The problem: From the records below, please return each line that holds the word "access".

Short text fragments from websites
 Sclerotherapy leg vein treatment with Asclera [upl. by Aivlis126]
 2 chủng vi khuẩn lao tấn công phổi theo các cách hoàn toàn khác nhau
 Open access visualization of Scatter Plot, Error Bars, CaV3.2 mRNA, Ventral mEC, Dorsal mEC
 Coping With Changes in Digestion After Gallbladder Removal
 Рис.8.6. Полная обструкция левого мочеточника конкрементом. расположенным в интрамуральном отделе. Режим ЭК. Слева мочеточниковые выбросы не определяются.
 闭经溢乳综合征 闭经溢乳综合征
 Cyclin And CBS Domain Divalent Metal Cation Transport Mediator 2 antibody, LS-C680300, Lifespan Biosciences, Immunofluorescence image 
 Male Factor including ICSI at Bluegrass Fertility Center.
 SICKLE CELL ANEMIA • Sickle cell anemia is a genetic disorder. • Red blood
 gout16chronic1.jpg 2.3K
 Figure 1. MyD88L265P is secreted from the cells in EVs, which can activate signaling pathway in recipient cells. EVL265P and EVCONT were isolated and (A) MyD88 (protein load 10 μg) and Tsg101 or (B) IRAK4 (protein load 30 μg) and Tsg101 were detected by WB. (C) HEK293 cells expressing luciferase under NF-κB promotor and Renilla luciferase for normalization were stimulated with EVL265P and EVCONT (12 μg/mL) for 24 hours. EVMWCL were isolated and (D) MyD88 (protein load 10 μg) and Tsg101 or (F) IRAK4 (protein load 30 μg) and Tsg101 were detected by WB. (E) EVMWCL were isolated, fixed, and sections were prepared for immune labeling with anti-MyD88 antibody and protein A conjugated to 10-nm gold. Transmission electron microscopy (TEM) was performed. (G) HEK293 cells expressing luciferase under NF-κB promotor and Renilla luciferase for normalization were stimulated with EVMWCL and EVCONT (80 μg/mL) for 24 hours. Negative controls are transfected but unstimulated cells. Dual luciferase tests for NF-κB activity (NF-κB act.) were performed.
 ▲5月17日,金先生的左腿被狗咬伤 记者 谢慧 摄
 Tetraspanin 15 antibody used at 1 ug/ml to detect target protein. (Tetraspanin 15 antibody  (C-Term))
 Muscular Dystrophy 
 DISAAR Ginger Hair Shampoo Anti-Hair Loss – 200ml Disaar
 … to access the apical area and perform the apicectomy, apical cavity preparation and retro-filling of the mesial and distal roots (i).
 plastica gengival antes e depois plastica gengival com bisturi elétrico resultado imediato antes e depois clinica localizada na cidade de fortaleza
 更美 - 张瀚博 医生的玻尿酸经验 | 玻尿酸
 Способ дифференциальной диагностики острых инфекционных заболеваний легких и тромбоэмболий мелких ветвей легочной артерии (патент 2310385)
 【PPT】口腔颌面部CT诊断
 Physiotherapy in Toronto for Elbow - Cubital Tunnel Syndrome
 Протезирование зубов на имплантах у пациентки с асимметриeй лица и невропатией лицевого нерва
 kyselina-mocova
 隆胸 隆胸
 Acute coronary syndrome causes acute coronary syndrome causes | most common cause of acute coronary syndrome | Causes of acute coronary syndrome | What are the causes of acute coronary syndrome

Answer to this exercise:
 Open access visualization of Scatter Plot, Error Bars, CaV3.2 mRNA, Ventral mEC, Dorsal mEC
 … to access the apical area and perform the apicectomy, apical cavity preparation and retro-filling of the mesial and distal roots (i).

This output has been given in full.